**EXCERPTED DATA:**
----------

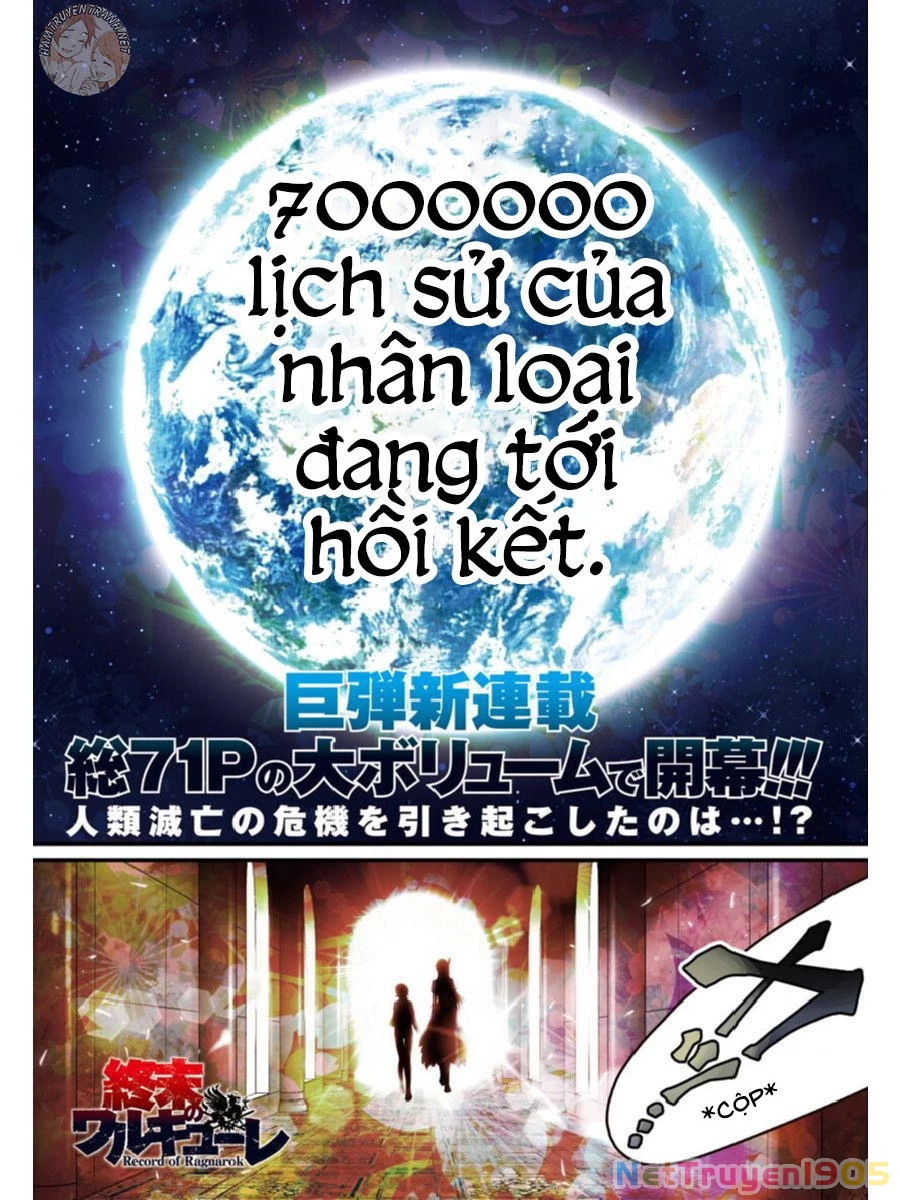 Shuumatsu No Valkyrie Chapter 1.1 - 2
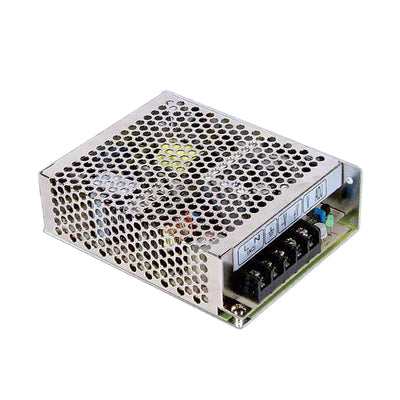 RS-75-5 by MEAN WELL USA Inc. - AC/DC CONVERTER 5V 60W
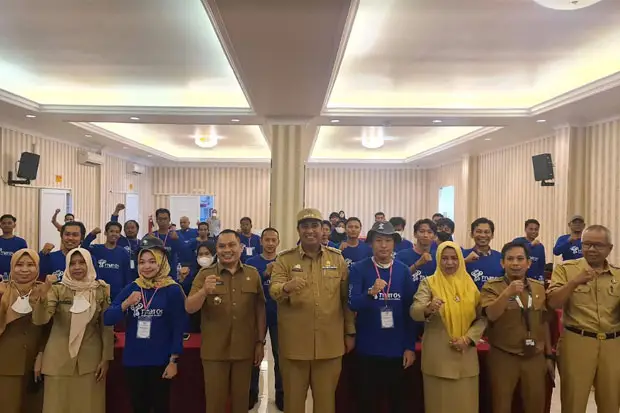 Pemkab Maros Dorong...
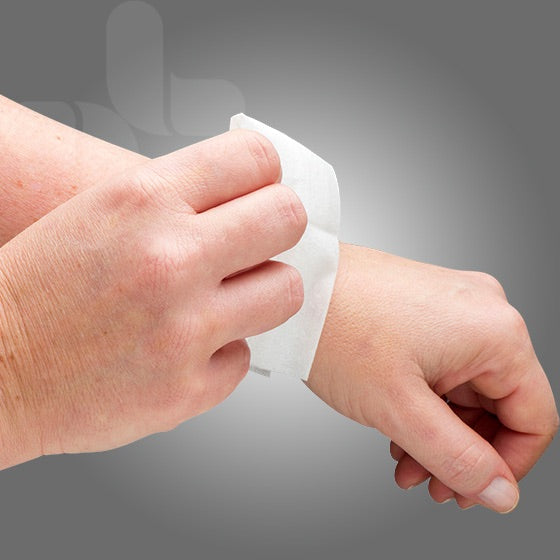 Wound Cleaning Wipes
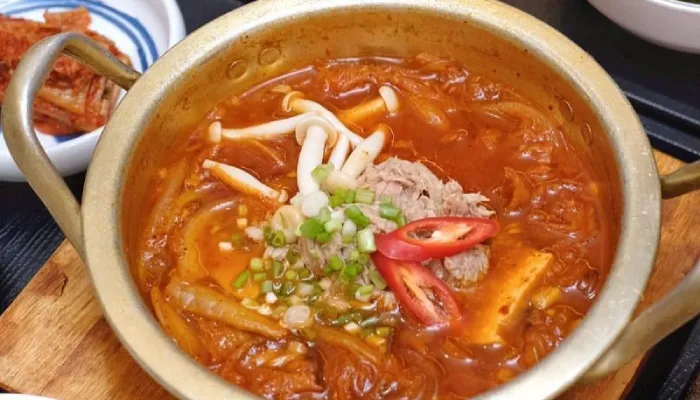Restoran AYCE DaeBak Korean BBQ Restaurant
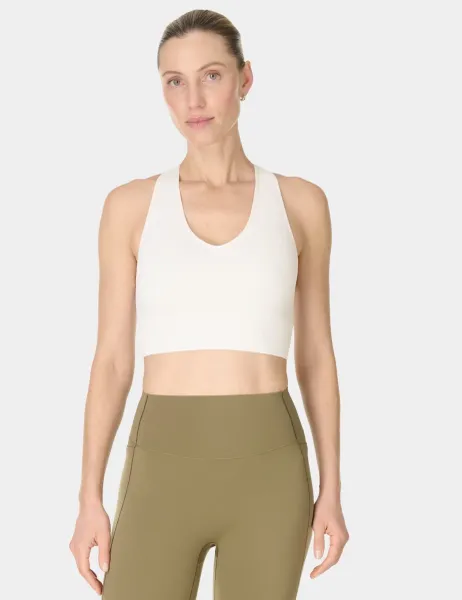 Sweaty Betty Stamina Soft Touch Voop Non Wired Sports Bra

----------

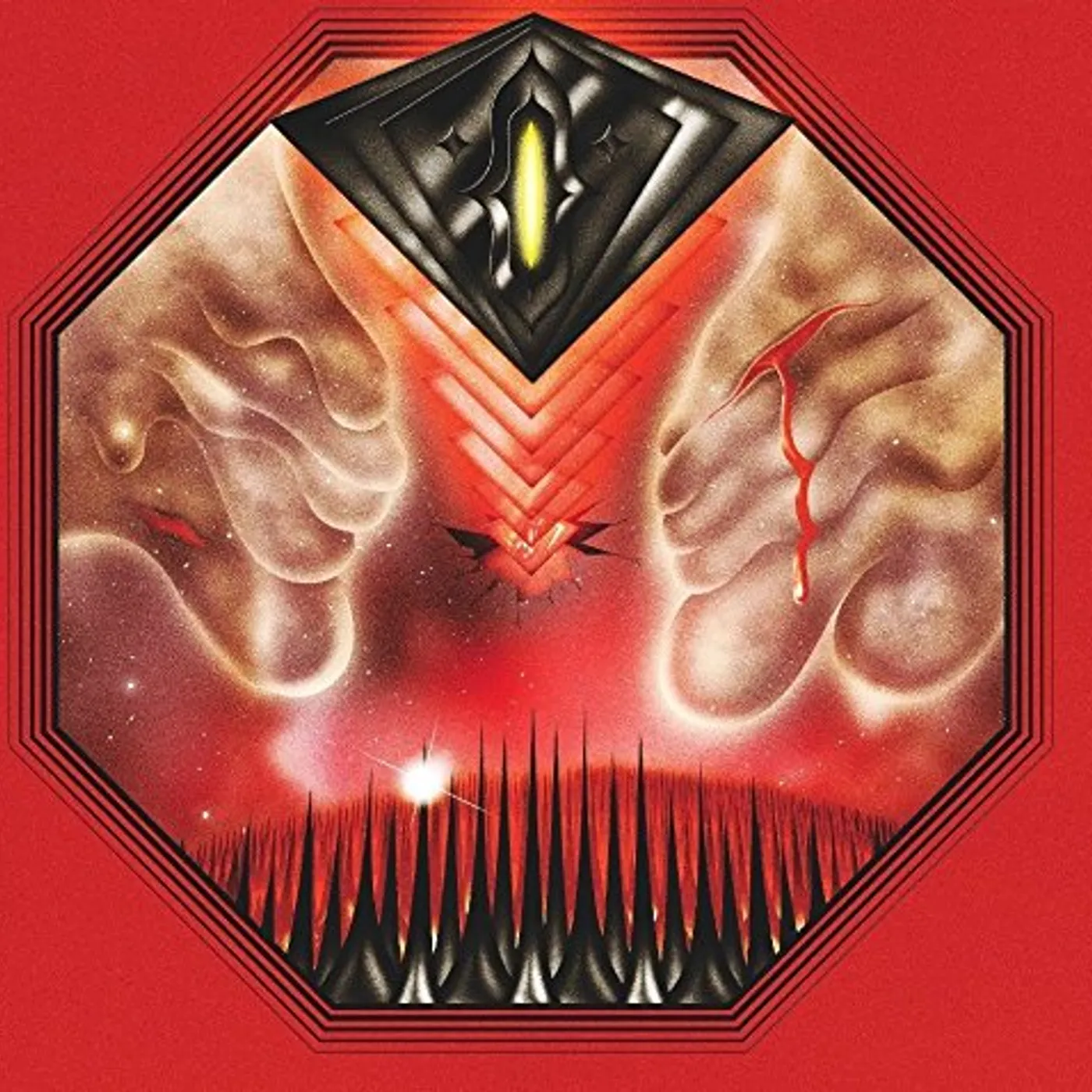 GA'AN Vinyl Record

----------

**YOUR INSTRUCTIONS:** What is needed is an exact copy of the lines above, from the one holding "Shuumatsu No Valkyrie Chapter 1.1 - 2" down to the one holding "Sweaty Betty Stamina", with those two included and the pictures left out.

**ANSWER TO THE PROBLEM:**
 Shuumatsu No Valkyrie Chapter 1.1 - 2
 RS-75-5 by MEAN WELL USA Inc. - AC/DC CONVERTER 5V 60W
 Pemkab Maros Dorong...
 Wound Cleaning Wipes
Restoran AYCE DaeBak Korean BBQ Restaurant
 Sweaty Betty Stamina Soft Touch Voop Non Wired Sports Bra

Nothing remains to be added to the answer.